Bodyweight exercises don't have to be boring. Here are some ways to add variety to your daily routine. Try them out to give your regular exercise routine a little shake up!
Squats are a great way to strengthen and build your thigh and glute muscles. Vary the distance between your feet to work different areas of the muscle groups. Sink down as though you are about to sit in a chair, keeping your knees over your toes. Push your weight through your heels as you push back up. Once you have mastered squats alone, add a thrust afterward. When you reach the bottom of the squat, continue lowering yourself to the floor. Enter the push up position so that your hands are on the floor directly under your shoulders and thrust your feet behind you. Then push your feet back under you and raise up fully. Do two sets of eight reps each.
Push ups are wonderful for sculpting your shoulders. If you are tired of the basic push up, extend one arm to the side at the top of the push up. You can also lower yourself into a half push up and hold the pose for five seconds before raising to the top. Vary your hand locations on push ups to work different arm and shoulder groups. Start with two sets of eight repetitions.

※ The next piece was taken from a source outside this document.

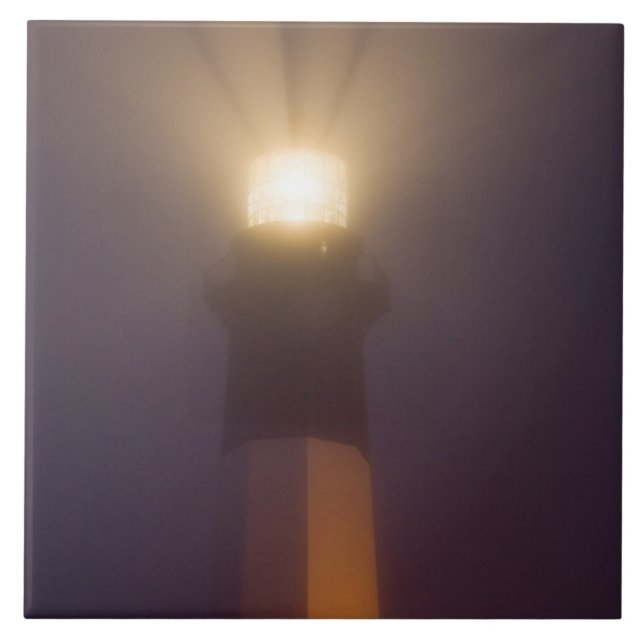 USA; Georgia; Savannah.  Tybee Island Lighthouse Tile (Front)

Sit ups and crunches work your entire core. Try changing them up by adding a knee raise. As you reach the top of the sit up or crunch, raise one knee and touch it to the opposite elbow. Use your glutes to pull your knee up so that more muscles are engaged. Repeat with the other side. You can also try using a stability ball with crunches to help challenge different muscle groups. Do three sets of 10 repetitions.